Nel caso specifico, la Cassazione ha evidenziato che l’uomo aveva coltivato le piante in uno spazio angusto, utilizzando tecniche semplici e un apparato di illuminazione di base, necessario per far maturare le piante in una cantina non illuminata. La quantità di marijuana prodotta era modesta, e non vi erano prove che l’imputato intendesse venderla. La Corte ha quindi confermato l’assoluzione, rigettando il ricorso del procuratore generale.

Il tribunale di Terni aveva inizialmente condannato l’uomo, ritenendo che l’uso di strumentazione articolata e costosa (oltre 300 euro) fosse difficilmente compatibile con un mero autoconsumo, soprattutto considerando le condizioni economiche dell’imputato, che percepiva il reddito di cittadinanza. Tuttavia, aveva riconosciuto le attenuanti generiche, tenendo conto delle difficili condizioni di vita dell’uomo, che aveva iniziato a consumare stupefacenti dopo la prematura morte della figlia.

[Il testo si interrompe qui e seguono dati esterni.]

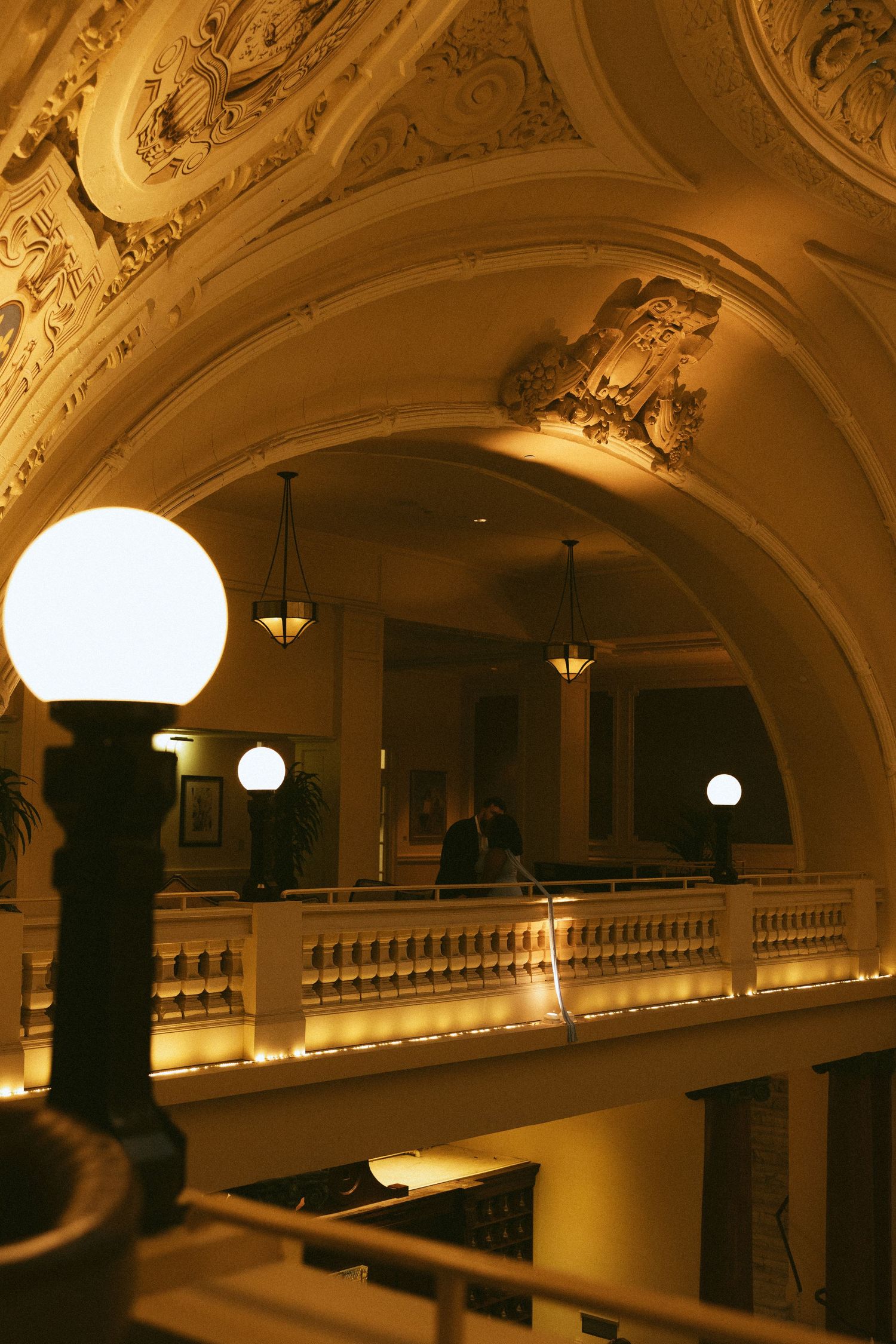 Moody couples photography at The Battle House Hotel in downtown Mobile Alabama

La Corte di appello di Perugia, invece, aveva distinto la detenzione di 4,15 grammi di marijuana dalla coltivazione delle 48 piante, qualificando quest’ultima come un illecito amministrativo e non come un reato. La Corte aveva osservato che la coltivazione era rudimentale e confinata in uno spazio limitato, con una produzione di principio attivo molto modesta, compatibile con un uso esclusivamente personale.

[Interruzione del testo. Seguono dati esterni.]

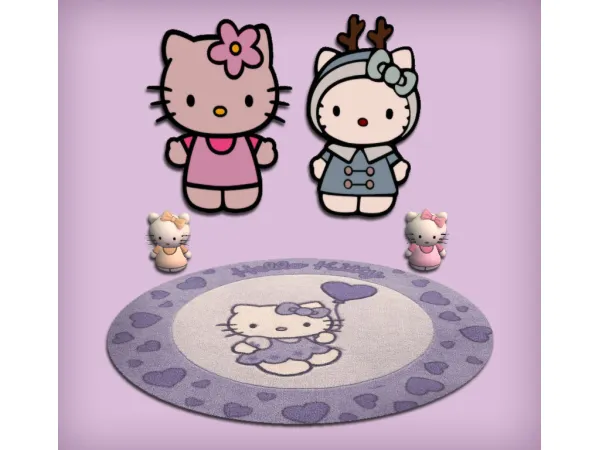Hello Kitty Kids Sculpture Rug and WallStickers Deco for - The Sims 2 Custom Content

La sentenza della Cassazione conferma un principio già espresso in precedenti decisioni: la coltivazione domestica di marijuana, se modesta e destinata all’autoconsumo, non è punibile penalmente. La decisione rappresenta un importante punto di riferimento per casi simili, sottolineando l’importanza di valutare le circostanze specifiche di ogni caso, in particolare la destinazione della sostanza e l’assenza di indici di vendita.

Con questa sentenza, la Cassazione ha quindi chiuso il caso oggetto del ricorso, confermando che la condotta dell’uomo non costituiva reato, ma un illecito amministrativo.